Question

Given the linear equation $2x + 3y - 8 = 0$, write another linear equation in two variables such that the geometrical representation of the pair so formed is of intersecting lines:
(A) $2x + 3y + 9 = 0$
(B) $6x + 9y + 9 = 0$
(C) $3x + 2y + 9 = 0$
(D) None of these

Answer 1

Hint: For two linear equations ${a_1}x + {b_1}y + {c_1} = 0$ and ${a_2}x + {b_2}y + {c_2} = 0$ to represent a pair of intersecting lines, the condition $\dfrac{{{a_1}}}{{{a_2}}} \ne \dfrac{{{b_1}}}{{{b_2}}}$ must hold. Therefore we can get infinitely many lines intersecting the given line, $2x + 3y - 8 = 0$. Consider the equation of lines given in options. The lines that are satisfying the above condition will be our answer.

Complete step by step answer:
We know that, for two linear equations ${a_1}x + {b_1}y + {c_1} = 0$ and ${a_2}x + {b_2}y + {c_2} = 0$ to represent a pair of intersecting lines:
$ \Rightarrow \dfrac{{{a_1}}}{{{a_2}}} \ne \dfrac{{{b_1}}}{{{b_2}}}$
The linear equation given in the question is $2x + 3y - 8 = 0$. It represents a straight line.
If we consider option (A), then the other line is $2x + 3y + 9 = 0$.
In this case:
$
   \Rightarrow \dfrac{{{a_1}}}{{{a_2}}} = \dfrac{2}{2} = 1,\dfrac{{{b_1}}}{{{b_2}}} = \dfrac{3}{3} = 1, \\
   \Rightarrow \dfrac{{{a_1}}}{{{a_2}}} = \dfrac{{{b_1}}}{{{b_2}}} \\
$
Thus, this option is incorrect.
If we consider option (B), then the other line is $6x + 9y + 9 = 0$.
In this case:
$
   \Rightarrow \dfrac{{{a_1}}}{{{a_2}}} = \dfrac{2}{6} = \dfrac{1}{3},\dfrac{{{b_1}}}{{{b_2}}} = \dfrac{3}{9} = \dfrac{1}{3}, \\
   \Rightarrow \dfrac{{{a_1}}}{{{a_2}}} = \dfrac{{{b_1}}}{{{b_2}}} \\
$
Thus, this option is also incorrect.
If we consider option (C), then the other line is $3x + 2y + 9 = 0$.
In this case:
$
   \Rightarrow \dfrac{{{a_1}}}{{{a_2}}} = \dfrac{2}{3},\dfrac{{{b_1}}}{{{b_2}}} = \dfrac{3}{2}, \\
   \Rightarrow \dfrac{{{a_1}}}{{{a_2}}} \ne \dfrac{{{b_1}}}{{{b_2}}} \\
$

Thus, $3x + 2y + 9 = 0$ is a linear equation such that the geometrical representation of the pair so formed is of intersecting lines.

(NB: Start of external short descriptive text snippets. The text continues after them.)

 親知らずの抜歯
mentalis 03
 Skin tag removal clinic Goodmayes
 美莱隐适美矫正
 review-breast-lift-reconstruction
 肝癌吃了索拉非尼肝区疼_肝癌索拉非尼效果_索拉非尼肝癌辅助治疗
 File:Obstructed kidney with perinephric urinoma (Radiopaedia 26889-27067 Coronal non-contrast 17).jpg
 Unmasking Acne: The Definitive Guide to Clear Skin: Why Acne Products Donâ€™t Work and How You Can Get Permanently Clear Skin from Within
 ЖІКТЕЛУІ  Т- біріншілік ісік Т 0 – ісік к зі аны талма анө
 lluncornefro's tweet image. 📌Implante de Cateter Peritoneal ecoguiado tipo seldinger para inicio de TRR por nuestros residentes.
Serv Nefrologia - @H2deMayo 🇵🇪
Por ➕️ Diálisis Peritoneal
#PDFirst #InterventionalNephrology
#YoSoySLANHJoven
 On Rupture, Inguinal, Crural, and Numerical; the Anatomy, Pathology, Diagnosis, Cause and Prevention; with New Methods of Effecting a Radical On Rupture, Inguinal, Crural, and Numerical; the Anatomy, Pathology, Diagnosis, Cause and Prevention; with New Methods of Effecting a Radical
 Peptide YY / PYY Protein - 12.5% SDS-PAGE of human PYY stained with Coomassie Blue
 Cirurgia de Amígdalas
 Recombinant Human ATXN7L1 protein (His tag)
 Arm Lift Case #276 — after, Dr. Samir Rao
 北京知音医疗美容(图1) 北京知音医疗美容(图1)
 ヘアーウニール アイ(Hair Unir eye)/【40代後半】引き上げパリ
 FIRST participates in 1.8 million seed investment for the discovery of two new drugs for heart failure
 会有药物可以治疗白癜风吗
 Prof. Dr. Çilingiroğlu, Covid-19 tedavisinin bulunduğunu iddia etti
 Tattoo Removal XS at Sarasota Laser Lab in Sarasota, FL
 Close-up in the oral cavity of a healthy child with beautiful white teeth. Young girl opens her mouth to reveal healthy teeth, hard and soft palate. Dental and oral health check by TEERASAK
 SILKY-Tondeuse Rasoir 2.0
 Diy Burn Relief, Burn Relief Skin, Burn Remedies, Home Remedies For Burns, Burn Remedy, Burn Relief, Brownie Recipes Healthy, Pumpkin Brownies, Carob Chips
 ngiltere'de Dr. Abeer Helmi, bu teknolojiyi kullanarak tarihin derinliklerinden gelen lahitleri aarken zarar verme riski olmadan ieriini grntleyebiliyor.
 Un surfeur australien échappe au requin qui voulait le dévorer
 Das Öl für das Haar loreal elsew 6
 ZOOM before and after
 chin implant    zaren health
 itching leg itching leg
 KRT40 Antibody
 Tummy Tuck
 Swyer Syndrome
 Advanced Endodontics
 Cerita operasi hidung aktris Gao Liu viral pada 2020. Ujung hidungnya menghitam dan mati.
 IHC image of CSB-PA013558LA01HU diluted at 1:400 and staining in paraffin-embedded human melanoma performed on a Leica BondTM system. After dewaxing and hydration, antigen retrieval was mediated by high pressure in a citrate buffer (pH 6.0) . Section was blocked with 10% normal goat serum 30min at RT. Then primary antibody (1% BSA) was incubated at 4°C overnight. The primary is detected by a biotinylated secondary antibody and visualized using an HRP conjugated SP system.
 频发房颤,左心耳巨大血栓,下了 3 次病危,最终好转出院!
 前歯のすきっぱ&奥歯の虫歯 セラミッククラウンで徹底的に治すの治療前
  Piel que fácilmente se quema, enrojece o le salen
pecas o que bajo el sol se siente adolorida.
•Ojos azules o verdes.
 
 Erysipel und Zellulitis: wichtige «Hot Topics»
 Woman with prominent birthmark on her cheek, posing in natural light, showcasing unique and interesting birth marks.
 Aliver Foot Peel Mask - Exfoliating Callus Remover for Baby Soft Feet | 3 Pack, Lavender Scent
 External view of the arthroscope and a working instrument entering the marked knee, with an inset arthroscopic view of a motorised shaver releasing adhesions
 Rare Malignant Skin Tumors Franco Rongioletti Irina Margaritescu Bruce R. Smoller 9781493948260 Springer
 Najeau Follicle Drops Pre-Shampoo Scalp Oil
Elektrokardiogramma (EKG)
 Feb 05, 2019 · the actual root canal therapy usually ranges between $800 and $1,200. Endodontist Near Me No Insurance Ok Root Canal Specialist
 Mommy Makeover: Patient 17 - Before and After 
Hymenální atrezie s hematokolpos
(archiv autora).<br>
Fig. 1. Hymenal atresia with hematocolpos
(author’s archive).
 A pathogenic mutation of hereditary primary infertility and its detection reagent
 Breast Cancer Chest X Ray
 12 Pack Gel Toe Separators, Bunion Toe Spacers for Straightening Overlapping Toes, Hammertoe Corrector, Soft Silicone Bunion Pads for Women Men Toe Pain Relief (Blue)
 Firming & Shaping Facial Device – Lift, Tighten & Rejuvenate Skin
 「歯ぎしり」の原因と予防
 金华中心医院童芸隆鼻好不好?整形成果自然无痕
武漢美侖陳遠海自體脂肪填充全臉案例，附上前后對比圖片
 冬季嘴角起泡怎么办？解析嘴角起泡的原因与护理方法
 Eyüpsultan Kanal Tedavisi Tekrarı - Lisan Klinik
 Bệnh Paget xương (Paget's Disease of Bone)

Hence, (C) is the correct option.

Note: If two lines ${a_1}x + {b_1}y + {c_1} = 0$ and ${a_2}x + {b_2}y + {c_2} = 0$ are such that $\dfrac{{{a_1}}}{{{a_2}}} = \dfrac{{{b_1}}}{{{b_2}}} = \dfrac{{{c_1}}}{{{c_2}}}$, then the equations will represent a same straight line with infinitely many solutions.
But if they are such that $\dfrac{{{a_1}}}{{{a_2}}} = \dfrac{{{b_1}}}{{{b_2}}} \ne \dfrac{{{c_1}}}{{{c_2}}}$, then the equations will represent parallel lines with no solution.